Emmanuel Martinez|Publié le 09 octobre 2024

Contributions au Fonds des services de santé: les PME désavantagées

«Les règles actuelles désavantagent les petites et moyennes entreprises des secteurs à forte intensité de main-d’oeuvre», affirme la chercheuse de l’IRIS, Anne Plourde. (Photo: courtoisie)

La façon de calculer les contributions des entreprises au Fonds des services de santé (FSS) désavantage les PME par rapport aux grandes entreprises, selon une étude de l’Institut de recherche et d’informations socioéconomiques (IRIS), publiée mercredi.

De 1999 à 2019, l’apport total des petites entreprises a bondi de 19% et celles des moyennes entreprises a grimpé de 26%, tandis que les grandes entreprises ont vu leur quote-part fondre de 23%.

L’étude de l’IRIS ajoute que si on évalue le financement des entreprises au FSS par rapport à leurs profits, la chute est aussi brutale.
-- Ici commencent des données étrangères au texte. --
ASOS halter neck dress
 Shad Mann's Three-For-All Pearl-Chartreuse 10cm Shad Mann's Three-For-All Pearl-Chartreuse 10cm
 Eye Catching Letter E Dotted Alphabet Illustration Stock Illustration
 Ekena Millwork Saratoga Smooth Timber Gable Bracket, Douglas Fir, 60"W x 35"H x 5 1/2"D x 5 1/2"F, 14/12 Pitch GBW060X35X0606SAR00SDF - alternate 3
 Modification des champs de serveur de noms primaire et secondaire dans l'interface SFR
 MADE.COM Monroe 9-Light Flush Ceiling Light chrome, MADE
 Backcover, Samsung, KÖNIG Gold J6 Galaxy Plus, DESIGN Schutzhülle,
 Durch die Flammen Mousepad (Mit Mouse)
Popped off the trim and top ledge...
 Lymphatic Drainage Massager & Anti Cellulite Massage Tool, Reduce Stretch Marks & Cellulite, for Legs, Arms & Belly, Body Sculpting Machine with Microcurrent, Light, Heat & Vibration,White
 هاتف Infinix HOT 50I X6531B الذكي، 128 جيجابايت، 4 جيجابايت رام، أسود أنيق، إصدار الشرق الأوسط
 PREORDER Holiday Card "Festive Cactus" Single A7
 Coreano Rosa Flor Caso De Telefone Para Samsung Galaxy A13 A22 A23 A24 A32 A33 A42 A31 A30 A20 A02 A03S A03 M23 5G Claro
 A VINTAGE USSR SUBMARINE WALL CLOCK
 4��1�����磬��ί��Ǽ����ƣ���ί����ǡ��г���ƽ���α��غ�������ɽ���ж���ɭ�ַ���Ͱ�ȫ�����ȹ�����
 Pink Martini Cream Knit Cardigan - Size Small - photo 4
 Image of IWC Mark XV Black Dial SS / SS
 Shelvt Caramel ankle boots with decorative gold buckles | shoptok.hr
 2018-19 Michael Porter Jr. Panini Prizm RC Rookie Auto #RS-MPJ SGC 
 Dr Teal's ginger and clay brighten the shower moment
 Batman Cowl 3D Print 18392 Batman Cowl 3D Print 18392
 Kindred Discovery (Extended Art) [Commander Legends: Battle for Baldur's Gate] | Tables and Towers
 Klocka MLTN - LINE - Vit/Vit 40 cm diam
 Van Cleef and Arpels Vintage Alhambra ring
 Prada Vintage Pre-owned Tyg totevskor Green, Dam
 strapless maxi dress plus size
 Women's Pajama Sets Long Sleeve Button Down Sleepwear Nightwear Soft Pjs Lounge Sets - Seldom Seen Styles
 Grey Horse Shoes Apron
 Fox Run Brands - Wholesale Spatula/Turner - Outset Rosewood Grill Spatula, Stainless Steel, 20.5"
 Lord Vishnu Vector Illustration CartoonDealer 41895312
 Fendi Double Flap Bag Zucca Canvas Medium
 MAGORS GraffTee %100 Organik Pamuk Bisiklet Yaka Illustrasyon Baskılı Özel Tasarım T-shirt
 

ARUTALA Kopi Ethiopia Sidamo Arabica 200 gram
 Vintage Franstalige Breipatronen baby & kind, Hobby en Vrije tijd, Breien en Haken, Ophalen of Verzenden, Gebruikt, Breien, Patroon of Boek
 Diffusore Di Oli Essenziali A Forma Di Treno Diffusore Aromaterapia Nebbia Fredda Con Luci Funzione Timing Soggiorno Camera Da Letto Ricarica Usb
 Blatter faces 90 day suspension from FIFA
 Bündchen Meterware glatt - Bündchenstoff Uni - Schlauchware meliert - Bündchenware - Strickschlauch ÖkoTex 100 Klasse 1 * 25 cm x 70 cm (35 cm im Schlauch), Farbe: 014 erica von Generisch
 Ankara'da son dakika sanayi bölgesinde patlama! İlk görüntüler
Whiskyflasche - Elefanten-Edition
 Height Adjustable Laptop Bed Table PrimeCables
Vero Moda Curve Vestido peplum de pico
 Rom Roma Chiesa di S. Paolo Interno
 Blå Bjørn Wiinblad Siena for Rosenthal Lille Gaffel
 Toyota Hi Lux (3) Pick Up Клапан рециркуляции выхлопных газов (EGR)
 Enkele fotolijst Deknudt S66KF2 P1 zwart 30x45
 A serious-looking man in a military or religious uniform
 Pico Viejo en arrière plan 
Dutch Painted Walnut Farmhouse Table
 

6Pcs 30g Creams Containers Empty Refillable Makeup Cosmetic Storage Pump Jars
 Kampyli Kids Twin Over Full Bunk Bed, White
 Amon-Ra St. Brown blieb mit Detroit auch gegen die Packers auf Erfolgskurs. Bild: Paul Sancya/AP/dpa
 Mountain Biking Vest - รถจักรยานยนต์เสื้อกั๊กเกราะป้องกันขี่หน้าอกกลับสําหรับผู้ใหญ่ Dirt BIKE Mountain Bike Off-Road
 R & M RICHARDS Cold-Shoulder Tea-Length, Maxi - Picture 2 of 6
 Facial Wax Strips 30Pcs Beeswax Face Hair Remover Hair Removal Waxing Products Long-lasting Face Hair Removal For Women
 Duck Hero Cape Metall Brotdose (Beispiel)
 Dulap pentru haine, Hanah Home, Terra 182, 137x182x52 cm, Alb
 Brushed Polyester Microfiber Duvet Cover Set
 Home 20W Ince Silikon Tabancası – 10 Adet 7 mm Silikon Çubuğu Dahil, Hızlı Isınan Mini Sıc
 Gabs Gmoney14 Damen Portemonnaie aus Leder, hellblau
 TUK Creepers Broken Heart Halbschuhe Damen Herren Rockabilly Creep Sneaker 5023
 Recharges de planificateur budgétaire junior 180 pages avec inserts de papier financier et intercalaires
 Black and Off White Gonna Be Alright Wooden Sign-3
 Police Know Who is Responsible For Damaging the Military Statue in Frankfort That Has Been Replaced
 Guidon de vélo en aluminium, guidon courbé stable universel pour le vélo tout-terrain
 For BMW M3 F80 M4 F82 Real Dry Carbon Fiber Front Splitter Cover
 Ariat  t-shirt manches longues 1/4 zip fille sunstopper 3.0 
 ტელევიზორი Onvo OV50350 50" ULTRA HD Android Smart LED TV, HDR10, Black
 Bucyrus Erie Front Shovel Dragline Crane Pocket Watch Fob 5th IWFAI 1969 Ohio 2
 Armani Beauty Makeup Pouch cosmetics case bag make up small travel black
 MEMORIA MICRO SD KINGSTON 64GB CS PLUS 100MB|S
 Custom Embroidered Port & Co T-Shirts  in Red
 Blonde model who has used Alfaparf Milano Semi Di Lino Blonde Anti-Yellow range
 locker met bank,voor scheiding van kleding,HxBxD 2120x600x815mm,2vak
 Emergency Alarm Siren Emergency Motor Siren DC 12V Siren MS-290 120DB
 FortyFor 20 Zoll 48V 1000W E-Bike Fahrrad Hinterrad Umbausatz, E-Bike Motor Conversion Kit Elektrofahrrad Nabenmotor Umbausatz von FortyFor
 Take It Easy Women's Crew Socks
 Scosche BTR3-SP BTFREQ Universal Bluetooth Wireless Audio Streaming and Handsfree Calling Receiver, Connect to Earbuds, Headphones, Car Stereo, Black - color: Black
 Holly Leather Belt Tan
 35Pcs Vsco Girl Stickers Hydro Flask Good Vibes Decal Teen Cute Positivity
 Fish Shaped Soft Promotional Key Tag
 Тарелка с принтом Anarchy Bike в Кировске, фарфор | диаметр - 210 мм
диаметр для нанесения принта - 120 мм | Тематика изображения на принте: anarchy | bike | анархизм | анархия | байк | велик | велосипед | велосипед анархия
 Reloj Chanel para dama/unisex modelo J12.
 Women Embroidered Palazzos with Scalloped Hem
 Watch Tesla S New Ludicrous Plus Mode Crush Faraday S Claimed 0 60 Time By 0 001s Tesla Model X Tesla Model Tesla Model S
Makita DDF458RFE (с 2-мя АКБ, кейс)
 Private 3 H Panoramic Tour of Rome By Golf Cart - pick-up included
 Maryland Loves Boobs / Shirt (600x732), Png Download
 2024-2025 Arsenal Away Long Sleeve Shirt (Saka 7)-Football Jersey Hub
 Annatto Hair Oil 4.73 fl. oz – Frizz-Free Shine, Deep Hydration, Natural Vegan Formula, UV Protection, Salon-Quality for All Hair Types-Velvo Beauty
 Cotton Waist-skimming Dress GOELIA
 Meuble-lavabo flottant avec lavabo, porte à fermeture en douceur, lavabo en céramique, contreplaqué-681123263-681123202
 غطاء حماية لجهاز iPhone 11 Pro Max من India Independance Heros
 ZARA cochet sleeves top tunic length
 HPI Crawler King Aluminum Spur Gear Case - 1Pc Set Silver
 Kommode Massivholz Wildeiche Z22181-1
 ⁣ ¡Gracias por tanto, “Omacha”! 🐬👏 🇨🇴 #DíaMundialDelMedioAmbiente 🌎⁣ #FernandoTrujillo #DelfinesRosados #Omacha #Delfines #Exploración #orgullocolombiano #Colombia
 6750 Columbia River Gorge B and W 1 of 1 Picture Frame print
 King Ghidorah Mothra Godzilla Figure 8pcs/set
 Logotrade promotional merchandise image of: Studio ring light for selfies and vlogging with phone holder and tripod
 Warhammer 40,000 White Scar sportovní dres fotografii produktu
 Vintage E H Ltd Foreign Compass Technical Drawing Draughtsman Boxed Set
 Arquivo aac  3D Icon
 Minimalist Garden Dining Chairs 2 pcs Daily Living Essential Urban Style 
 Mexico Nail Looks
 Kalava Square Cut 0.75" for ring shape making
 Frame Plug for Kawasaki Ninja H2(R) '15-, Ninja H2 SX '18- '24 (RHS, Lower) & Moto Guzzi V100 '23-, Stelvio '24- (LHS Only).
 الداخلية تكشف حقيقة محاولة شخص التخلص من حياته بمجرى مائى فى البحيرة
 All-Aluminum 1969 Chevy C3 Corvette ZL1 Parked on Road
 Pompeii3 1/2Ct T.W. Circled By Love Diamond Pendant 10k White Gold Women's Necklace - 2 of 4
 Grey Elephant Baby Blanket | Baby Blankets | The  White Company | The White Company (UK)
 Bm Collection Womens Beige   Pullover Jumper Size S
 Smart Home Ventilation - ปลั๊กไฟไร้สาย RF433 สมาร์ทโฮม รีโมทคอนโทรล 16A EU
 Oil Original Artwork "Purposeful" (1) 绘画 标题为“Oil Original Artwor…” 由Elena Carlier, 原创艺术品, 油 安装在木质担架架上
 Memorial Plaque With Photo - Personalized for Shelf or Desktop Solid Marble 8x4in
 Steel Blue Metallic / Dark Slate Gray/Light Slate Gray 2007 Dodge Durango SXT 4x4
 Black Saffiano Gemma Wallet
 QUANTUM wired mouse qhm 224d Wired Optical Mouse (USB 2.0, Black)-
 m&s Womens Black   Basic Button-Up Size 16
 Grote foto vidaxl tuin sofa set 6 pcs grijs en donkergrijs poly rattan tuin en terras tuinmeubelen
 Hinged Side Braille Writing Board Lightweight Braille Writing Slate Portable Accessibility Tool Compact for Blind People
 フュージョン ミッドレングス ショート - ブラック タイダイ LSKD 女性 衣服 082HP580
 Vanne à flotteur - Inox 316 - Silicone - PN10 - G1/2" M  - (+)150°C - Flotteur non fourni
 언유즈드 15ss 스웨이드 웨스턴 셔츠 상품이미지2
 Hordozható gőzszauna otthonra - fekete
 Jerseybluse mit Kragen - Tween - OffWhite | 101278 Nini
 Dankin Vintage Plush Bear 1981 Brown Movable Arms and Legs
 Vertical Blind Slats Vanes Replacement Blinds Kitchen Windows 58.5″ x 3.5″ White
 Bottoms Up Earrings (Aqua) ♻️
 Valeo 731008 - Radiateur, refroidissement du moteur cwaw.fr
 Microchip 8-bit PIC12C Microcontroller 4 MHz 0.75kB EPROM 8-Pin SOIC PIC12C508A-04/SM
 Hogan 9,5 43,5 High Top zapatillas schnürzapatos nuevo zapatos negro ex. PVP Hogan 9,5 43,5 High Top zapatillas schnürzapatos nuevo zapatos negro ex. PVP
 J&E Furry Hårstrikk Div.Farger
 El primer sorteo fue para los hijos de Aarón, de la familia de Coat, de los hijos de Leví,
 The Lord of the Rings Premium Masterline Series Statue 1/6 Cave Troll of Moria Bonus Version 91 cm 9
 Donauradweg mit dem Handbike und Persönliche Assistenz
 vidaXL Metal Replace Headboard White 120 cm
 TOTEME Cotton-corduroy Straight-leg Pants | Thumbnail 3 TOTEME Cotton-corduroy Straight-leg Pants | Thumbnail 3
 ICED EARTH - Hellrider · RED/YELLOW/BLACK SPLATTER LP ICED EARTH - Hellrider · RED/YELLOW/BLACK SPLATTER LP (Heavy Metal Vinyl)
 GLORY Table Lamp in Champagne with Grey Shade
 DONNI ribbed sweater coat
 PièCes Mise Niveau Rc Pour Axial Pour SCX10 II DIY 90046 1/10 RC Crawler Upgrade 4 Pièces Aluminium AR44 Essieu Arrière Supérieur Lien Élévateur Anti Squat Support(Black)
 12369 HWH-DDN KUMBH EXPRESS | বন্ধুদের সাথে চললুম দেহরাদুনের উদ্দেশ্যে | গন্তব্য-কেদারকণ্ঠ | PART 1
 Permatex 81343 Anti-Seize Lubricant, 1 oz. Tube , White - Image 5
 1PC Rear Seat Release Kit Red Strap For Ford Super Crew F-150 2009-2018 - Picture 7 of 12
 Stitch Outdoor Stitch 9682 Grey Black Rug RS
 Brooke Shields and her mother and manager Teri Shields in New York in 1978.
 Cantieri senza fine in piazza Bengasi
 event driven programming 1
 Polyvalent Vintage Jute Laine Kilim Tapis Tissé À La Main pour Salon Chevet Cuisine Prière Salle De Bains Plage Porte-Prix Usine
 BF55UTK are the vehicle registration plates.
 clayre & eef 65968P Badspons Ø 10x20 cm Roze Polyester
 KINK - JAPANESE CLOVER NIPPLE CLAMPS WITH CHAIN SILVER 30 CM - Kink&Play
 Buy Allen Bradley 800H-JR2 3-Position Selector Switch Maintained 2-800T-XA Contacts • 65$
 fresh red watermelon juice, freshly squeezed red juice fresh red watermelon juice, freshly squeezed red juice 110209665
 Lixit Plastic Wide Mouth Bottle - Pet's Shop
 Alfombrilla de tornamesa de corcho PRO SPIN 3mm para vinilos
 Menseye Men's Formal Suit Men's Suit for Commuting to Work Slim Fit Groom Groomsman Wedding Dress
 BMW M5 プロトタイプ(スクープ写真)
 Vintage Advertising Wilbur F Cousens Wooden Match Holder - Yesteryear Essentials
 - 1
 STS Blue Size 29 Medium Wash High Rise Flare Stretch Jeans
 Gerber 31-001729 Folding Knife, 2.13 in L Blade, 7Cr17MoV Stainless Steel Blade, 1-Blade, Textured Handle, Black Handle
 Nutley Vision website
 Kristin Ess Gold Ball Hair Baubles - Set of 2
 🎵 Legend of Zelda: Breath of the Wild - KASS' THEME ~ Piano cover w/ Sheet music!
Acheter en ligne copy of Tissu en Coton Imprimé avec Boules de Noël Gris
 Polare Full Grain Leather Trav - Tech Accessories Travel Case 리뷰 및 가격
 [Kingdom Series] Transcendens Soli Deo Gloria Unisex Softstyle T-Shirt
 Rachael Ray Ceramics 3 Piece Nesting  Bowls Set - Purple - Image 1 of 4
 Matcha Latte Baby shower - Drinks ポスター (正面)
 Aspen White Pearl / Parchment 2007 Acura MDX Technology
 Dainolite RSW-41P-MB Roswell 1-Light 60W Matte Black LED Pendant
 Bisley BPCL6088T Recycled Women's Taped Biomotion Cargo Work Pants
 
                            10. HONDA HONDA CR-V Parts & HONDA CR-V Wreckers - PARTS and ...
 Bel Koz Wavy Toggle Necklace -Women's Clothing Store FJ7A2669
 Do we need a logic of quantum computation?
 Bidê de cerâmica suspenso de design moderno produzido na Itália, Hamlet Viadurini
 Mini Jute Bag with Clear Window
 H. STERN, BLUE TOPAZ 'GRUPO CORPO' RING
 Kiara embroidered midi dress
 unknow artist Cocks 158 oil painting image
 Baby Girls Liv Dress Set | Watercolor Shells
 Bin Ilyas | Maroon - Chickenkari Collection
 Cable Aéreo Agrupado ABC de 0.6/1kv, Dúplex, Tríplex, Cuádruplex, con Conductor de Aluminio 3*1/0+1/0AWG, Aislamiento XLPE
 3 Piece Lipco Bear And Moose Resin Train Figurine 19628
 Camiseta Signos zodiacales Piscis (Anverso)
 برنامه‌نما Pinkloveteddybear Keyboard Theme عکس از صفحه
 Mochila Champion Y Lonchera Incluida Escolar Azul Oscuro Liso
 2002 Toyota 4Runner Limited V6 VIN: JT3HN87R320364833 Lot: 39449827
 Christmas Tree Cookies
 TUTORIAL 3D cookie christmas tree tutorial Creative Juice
Ces ponctions représentaient 16% de leur revenu imposable en 1999 contre 8% en 2019. Cependant, la participation des entreprises au FSS se fait en fonction de leur masse salariale et non basée sur leurs profits, et par conséquent de leur capacité à payer.

«Les règles actuelles désavantagent les petites et moyennes entreprises des secteurs à forte intensité de main-d’œuvre qui ont, somme toute, contribué plus au réseau de la santé que les grandes entreprises du secteur financier», explique l’autrice de l’étude, Anne Plourde.

Elle souligne que les profits des grandes entreprises ont quadruplé durant la période 1999-2019, mais que leurs contributions ont baissé de 23%. En effet, les grandes entreprises ont vu leur masse salariale diminuer de 19% entre 1999 et 2019, tandis que leurs revenus imposables ont crû de 104% et leurs bénéfices nets de 307%.

Selon l’IRIS, cette manière de calculer prive l’État de revenus annuels supplémentaires allant de 5,1 milliards de dollars à 10 milliards de dollars.

«Pour récupérer les revenus fiscaux perdus depuis 1999, il faudrait moderniser les règles fiscales entourant les cotisations des entreprises au FSS de manière à faire contribuer davantage celles qui engrangent le plus de bénéfices», croit Anne Plourde.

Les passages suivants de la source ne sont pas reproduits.